» **YOUR GOAL**
Reproduce the whole of the data exactly.

» **INFORMATION PROVIDED**
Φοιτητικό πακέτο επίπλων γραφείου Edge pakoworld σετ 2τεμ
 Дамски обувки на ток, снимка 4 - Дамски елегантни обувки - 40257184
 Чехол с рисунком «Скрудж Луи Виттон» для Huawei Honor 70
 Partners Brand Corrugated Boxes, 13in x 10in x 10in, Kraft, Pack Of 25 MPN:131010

» **ANSWER SECTION**
Φοιτητικό πακέτο επίπλων γραφείου Edge pakoworld σετ 2τεμ
 Дамски обувки на ток, снимка 4 - Дамски елегантни обувки - 40257184
 Чехол с рисунком «Скрудж Луи Виттон» для Huawei Honor 70
 Partners Brand Corrugated Boxes, 13in x 10in x 10in, Kraft, Pack Of 25 MPN:131010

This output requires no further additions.